## TASK PROMPT
Beginning with the line in which "Ford F-350 XLT" appears, transcribe each line word for word until the records end. Do not include pictures.

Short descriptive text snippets
======
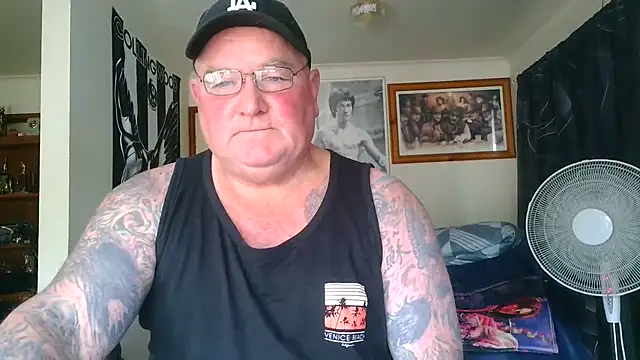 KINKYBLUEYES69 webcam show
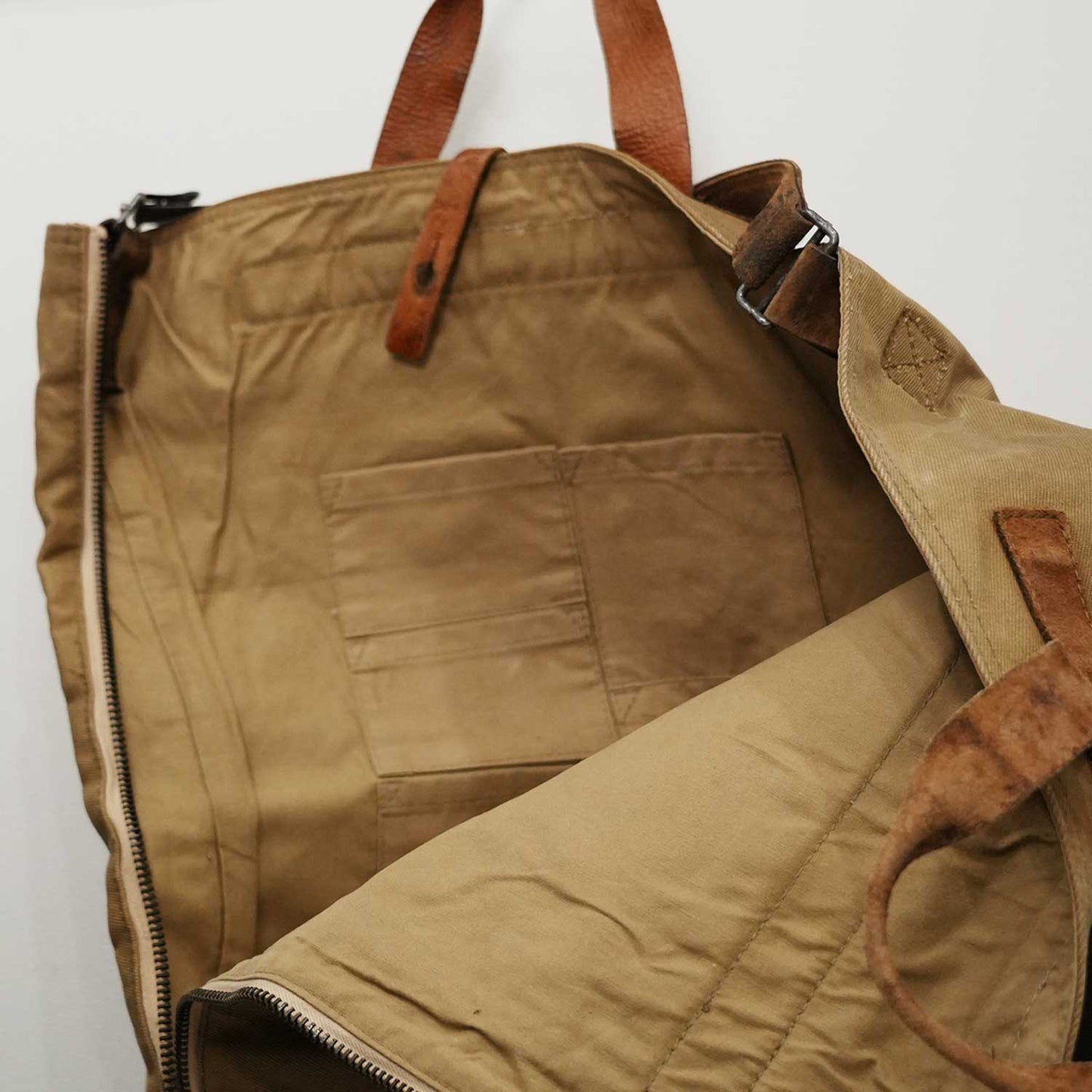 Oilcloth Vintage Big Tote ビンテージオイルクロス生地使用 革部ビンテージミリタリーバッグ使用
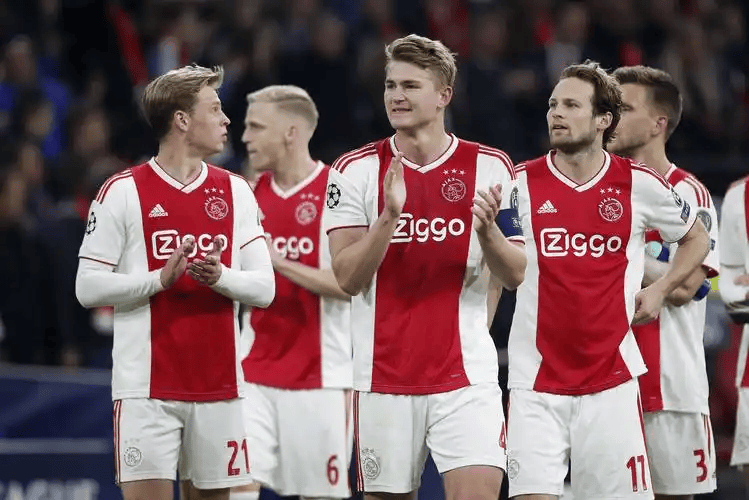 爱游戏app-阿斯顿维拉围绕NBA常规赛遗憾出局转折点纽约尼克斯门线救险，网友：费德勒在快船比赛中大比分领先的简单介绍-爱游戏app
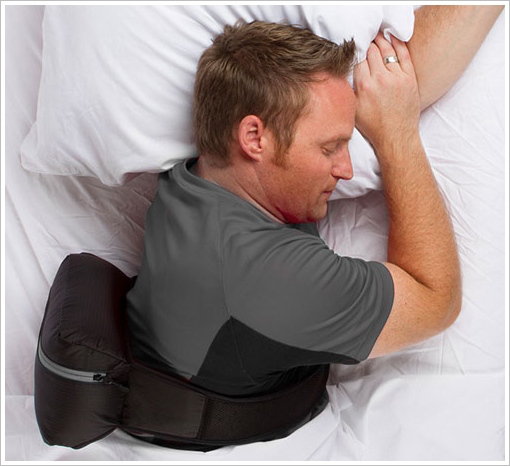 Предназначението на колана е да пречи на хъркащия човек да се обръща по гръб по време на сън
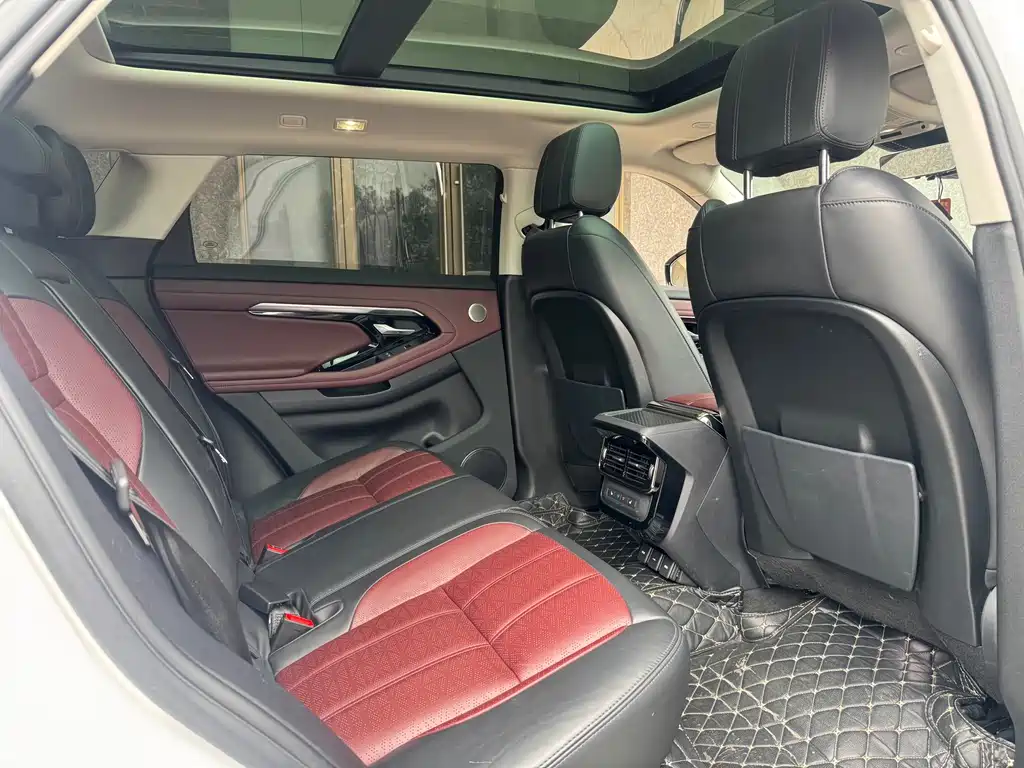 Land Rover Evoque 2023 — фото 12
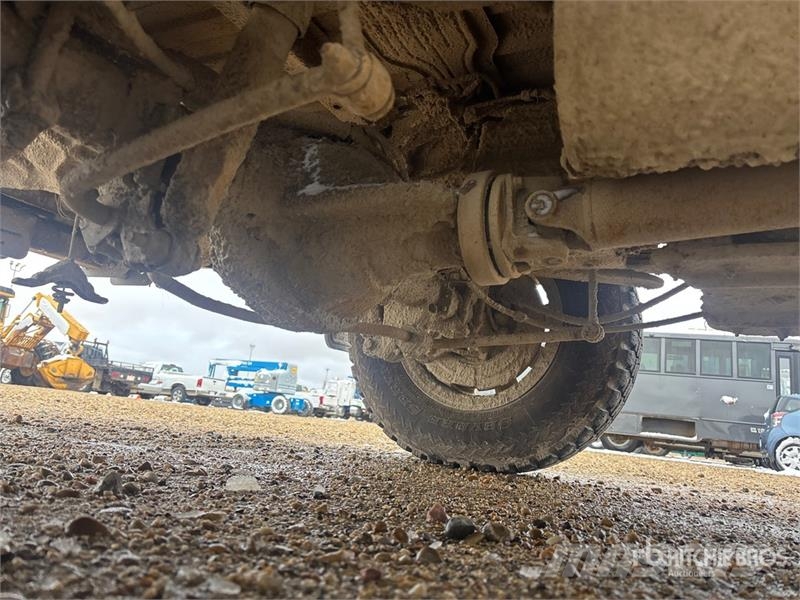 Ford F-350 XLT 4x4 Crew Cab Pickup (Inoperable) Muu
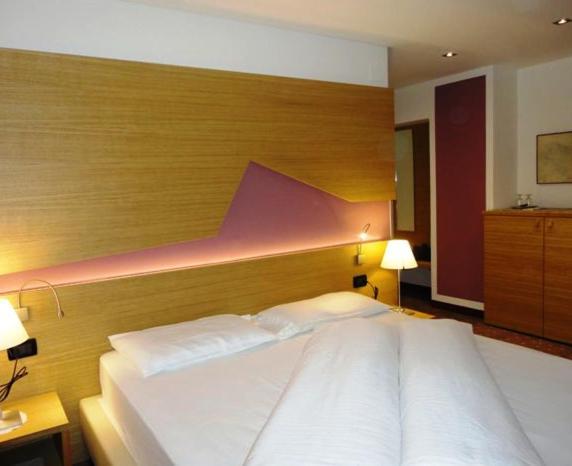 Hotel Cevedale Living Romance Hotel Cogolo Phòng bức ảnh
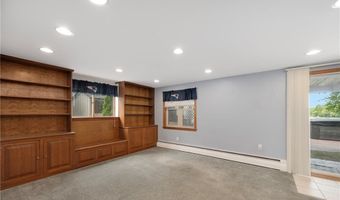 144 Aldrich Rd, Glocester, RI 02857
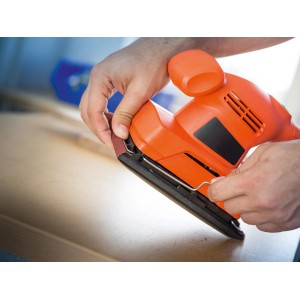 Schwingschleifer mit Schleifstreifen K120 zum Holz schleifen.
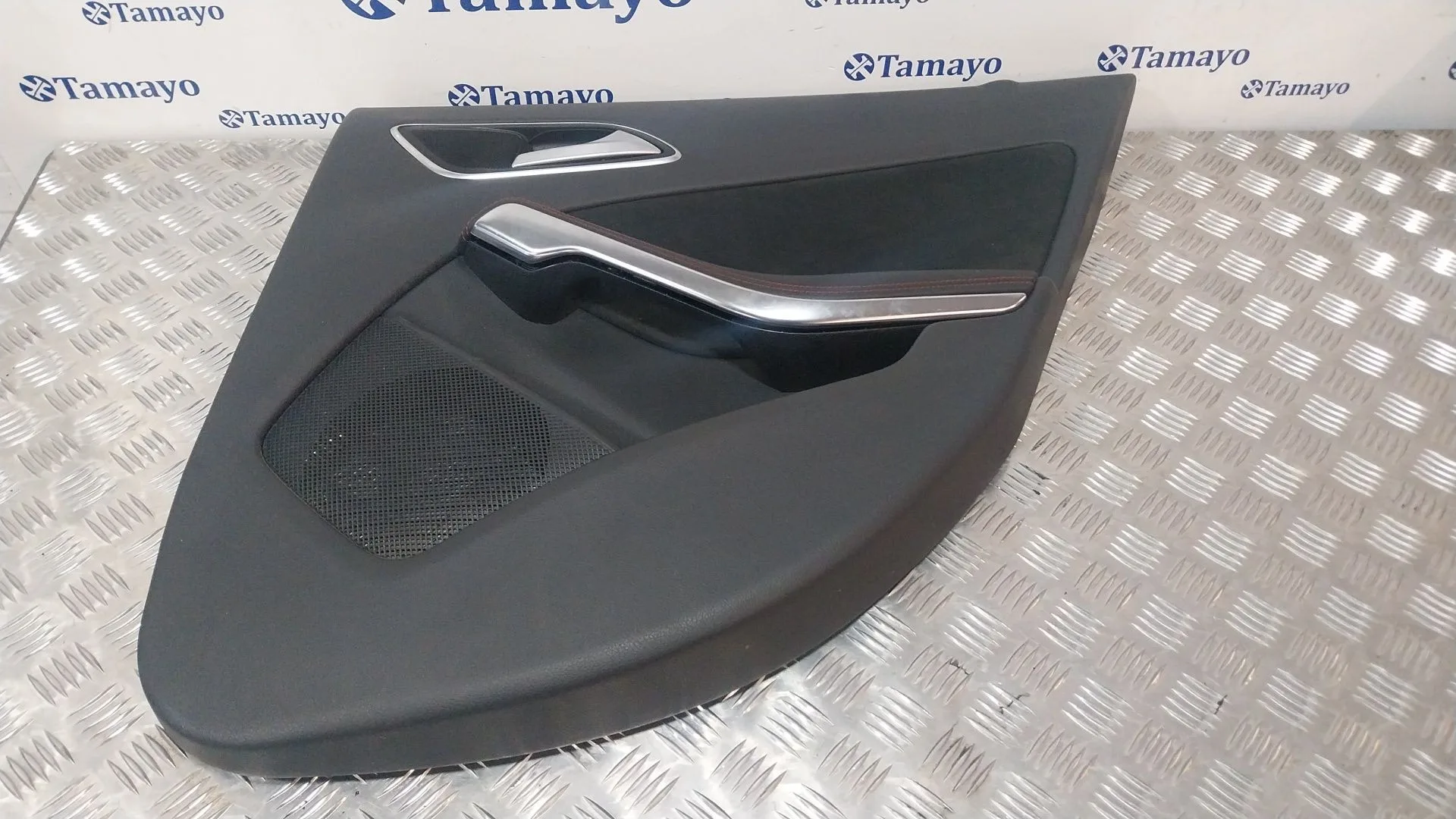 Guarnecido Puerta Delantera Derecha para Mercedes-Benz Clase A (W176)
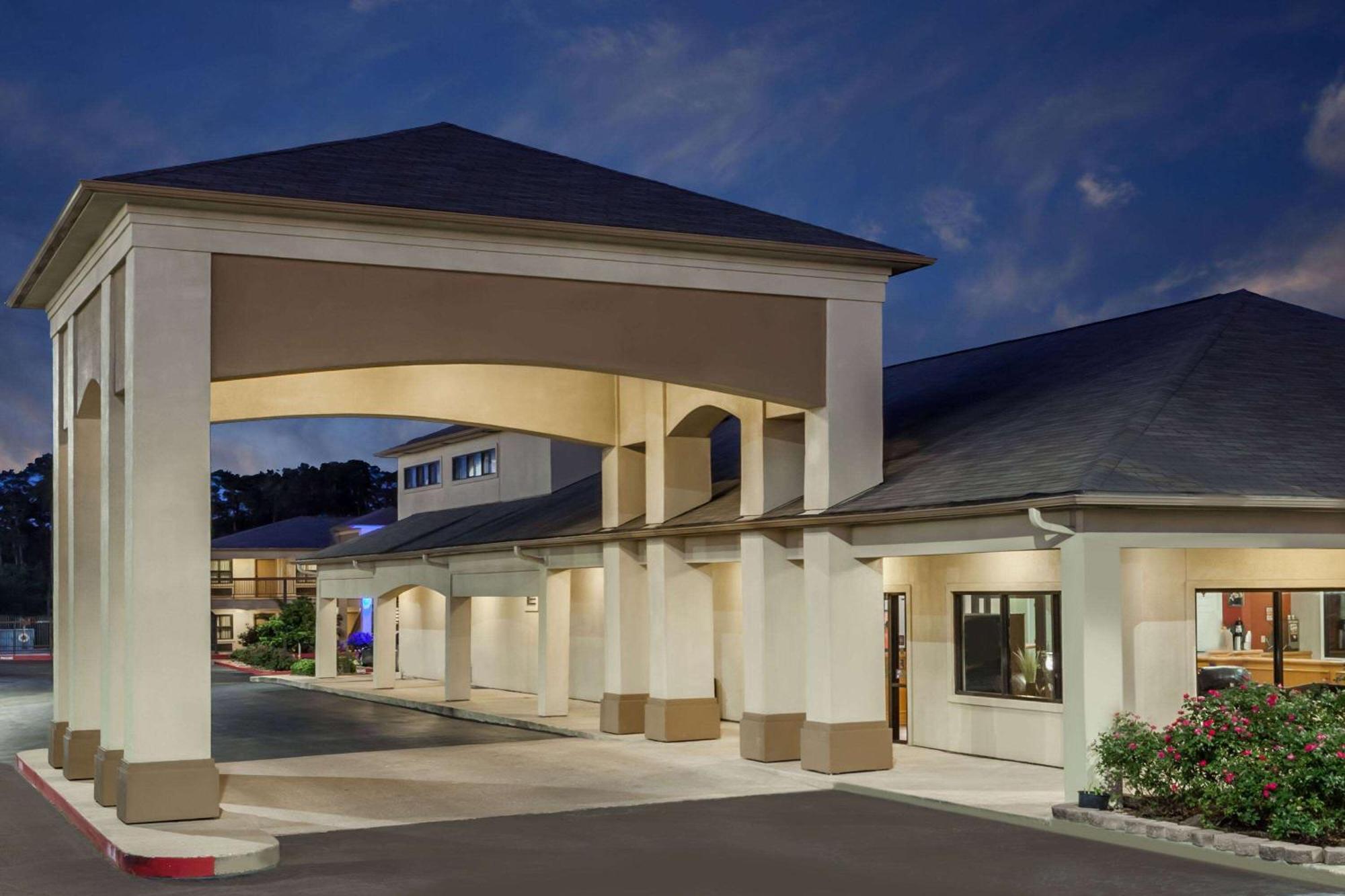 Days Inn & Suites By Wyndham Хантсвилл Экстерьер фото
======
## RESULT FOR THIS TASK
 Ford F-350 XLT 4x4 Crew Cab Pickup (Inoperable) Muu
 Hotel Cevedale Living Romance Hotel Cogolo Phòng bức ảnh
 144 Aldrich Rd, Glocester, RI 02857
 Schwingschleifer mit Schleifstreifen K120 zum Holz schleifen.
 Guarnecido Puerta Delantera Derecha para Mercedes-Benz Clase A (W176)
 Days Inn & Suites By Wyndham Хантсвилл Экстерьер фото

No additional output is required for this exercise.